▸ Collected material:
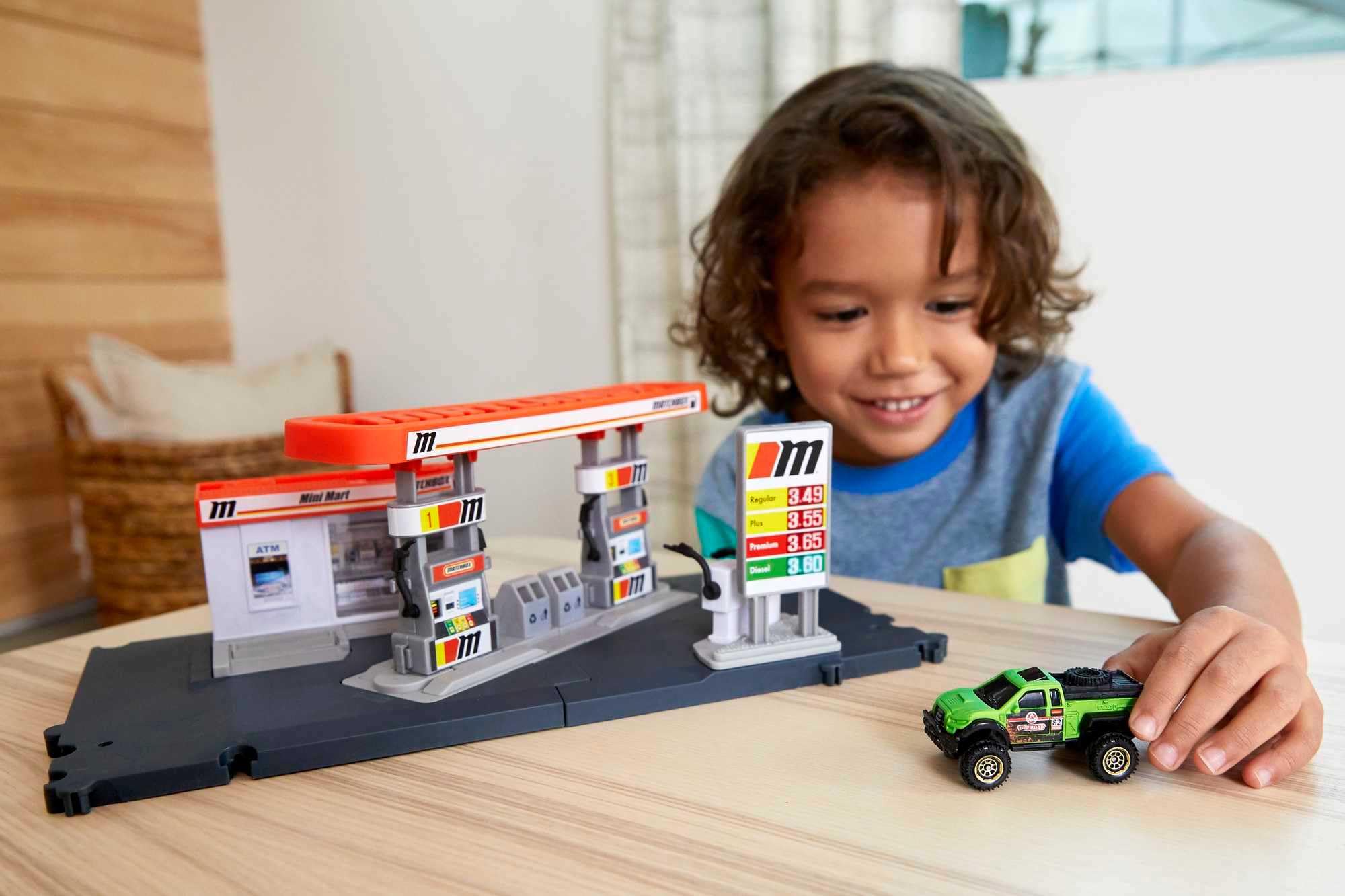 Matchbox fuel station doors open when a car arrives, encouraging storytelling.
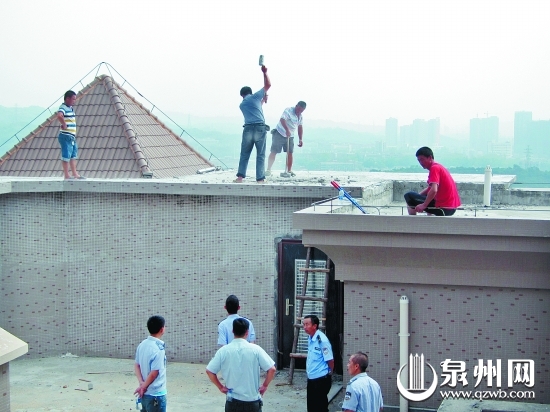 执法人员组织工人对高层楼顶的违法建筑进行拆除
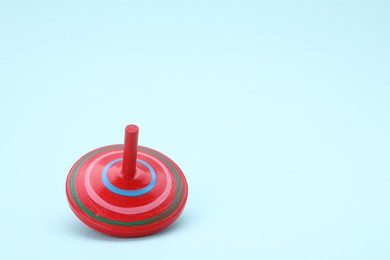 Photo of One bright spinning top on light blue background, space for text. Toy whirligig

▸ Exercise instructions:
In your copy, include no pictures; print every line above exactly.

▸ Answer to this exercise:
 Matchbox fuel station doors open when a car arrives, encouraging storytelling.
 执法人员组织工人对高层楼顶的违法建筑进行拆除
 Photo of One bright spinning top on light blue background, space for text. Toy whirligig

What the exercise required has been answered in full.